## To do
Restate all entries word for word, minus pictures.

[Recorded data]
○ ○ ○ ○ ○
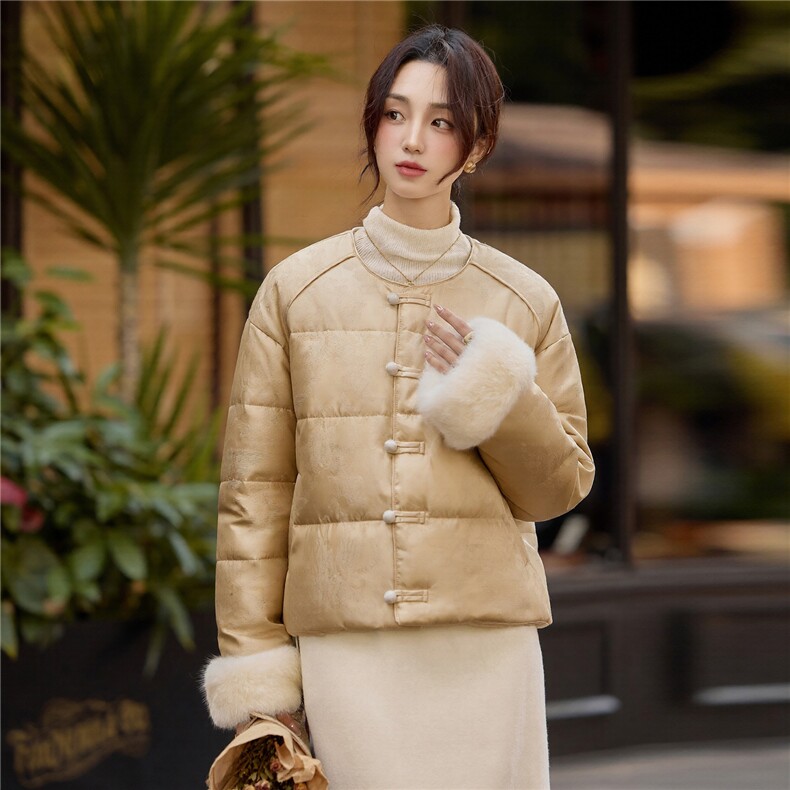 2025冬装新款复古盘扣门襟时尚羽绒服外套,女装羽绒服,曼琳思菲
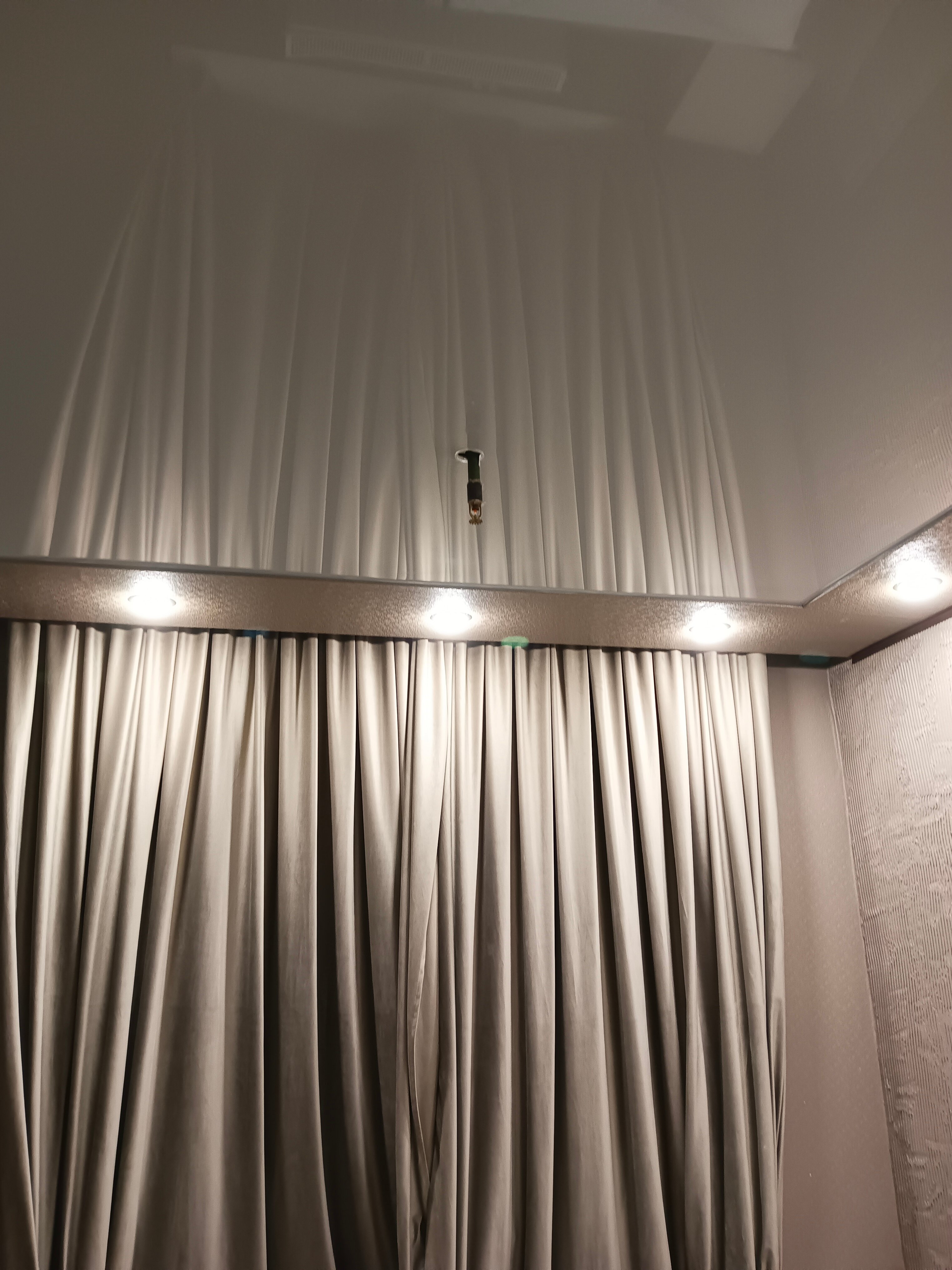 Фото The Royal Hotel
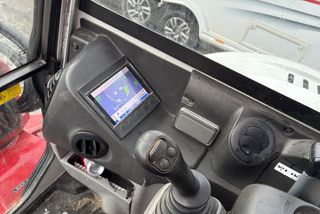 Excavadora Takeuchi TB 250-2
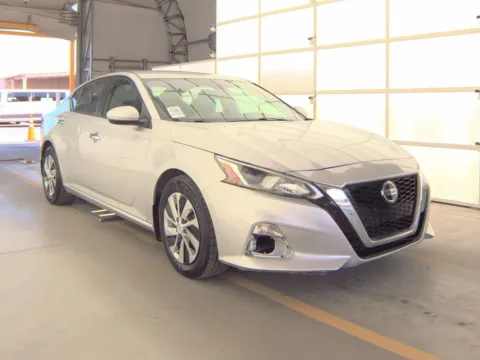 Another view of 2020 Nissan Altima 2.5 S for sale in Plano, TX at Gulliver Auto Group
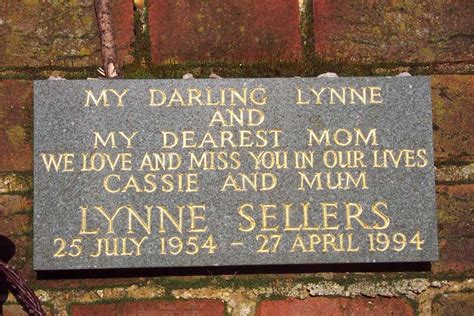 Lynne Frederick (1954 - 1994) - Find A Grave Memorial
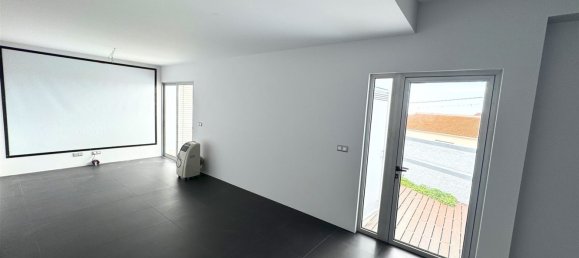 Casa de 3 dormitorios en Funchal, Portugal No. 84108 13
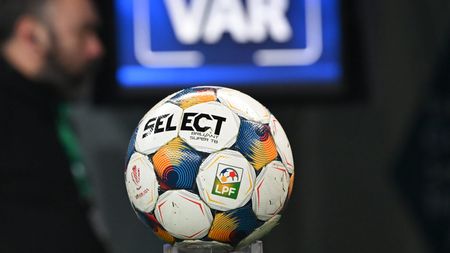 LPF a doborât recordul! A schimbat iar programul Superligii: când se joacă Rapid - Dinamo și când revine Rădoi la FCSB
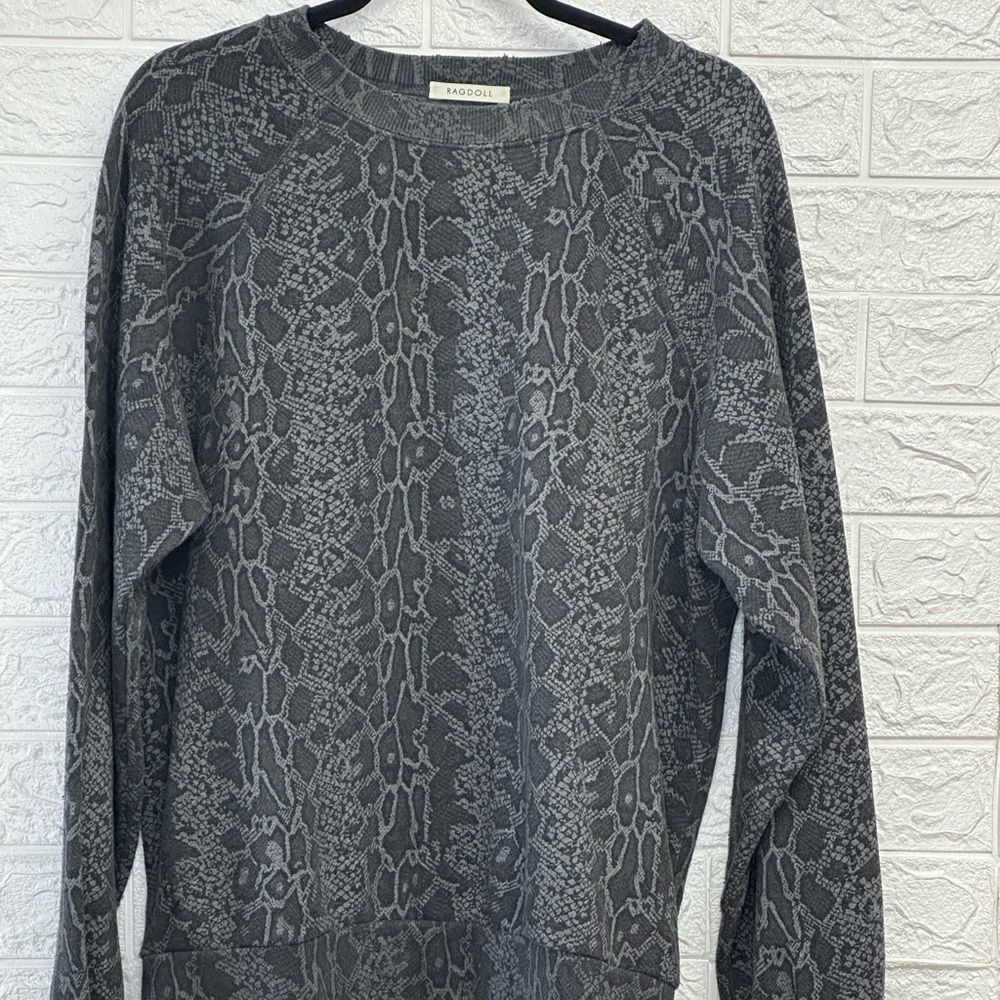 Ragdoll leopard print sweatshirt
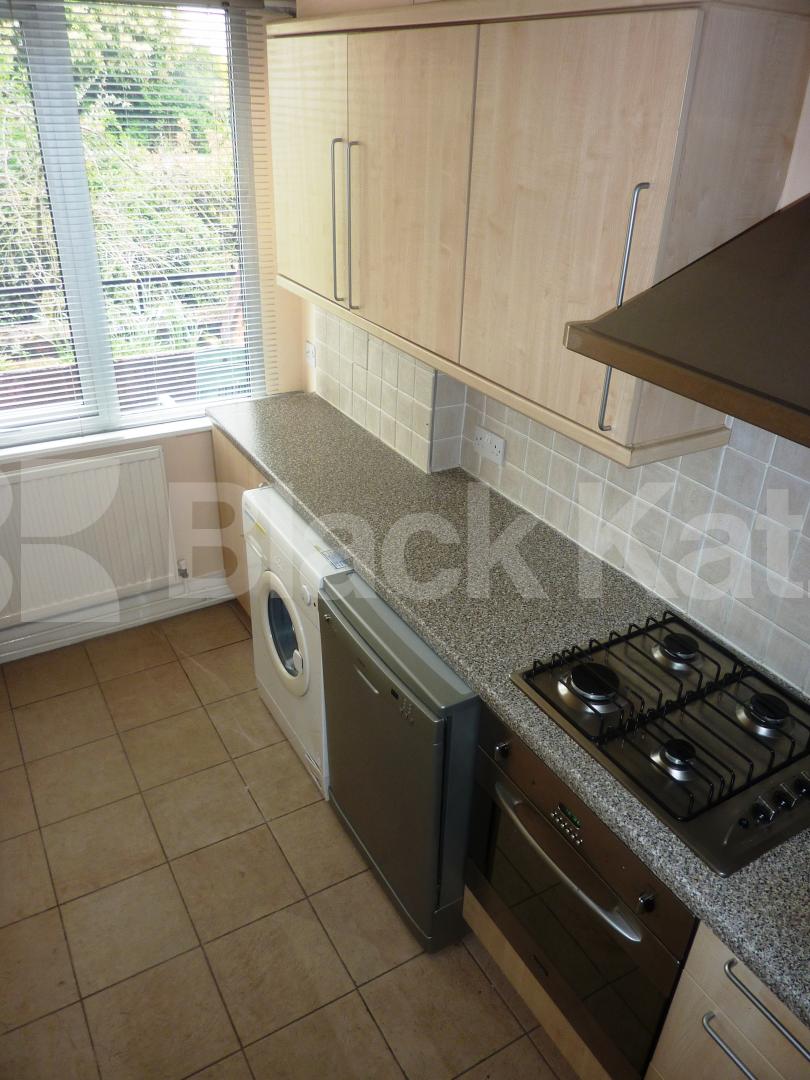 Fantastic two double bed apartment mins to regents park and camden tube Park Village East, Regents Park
○ ○ ○ ○ ○
## Result for this exercise
 2025冬装新款复古盘扣门襟时尚羽绒服外套,女装羽绒服,曼琳思菲
 Фото The Royal Hotel
 Excavadora Takeuchi TB 250-2
 Another view of 2020 Nissan Altima 2.5 S for sale in Plano, TX at Gulliver Auto Group
 Lynne Frederick (1954 - 1994) - Find A Grave Memorial
 Casa de 3 dormitorios en Funchal, Portugal No. 84108 13
 LPF a doborât recordul! A schimbat iar programul Superligii: când se joacă Rapid - Dinamo și când revine Rădoi la FCSB
 Ragdoll leopard print sweatshirt
 Fantastic two double bed apartment mins to regents park and camden tube Park Village East, Regents Park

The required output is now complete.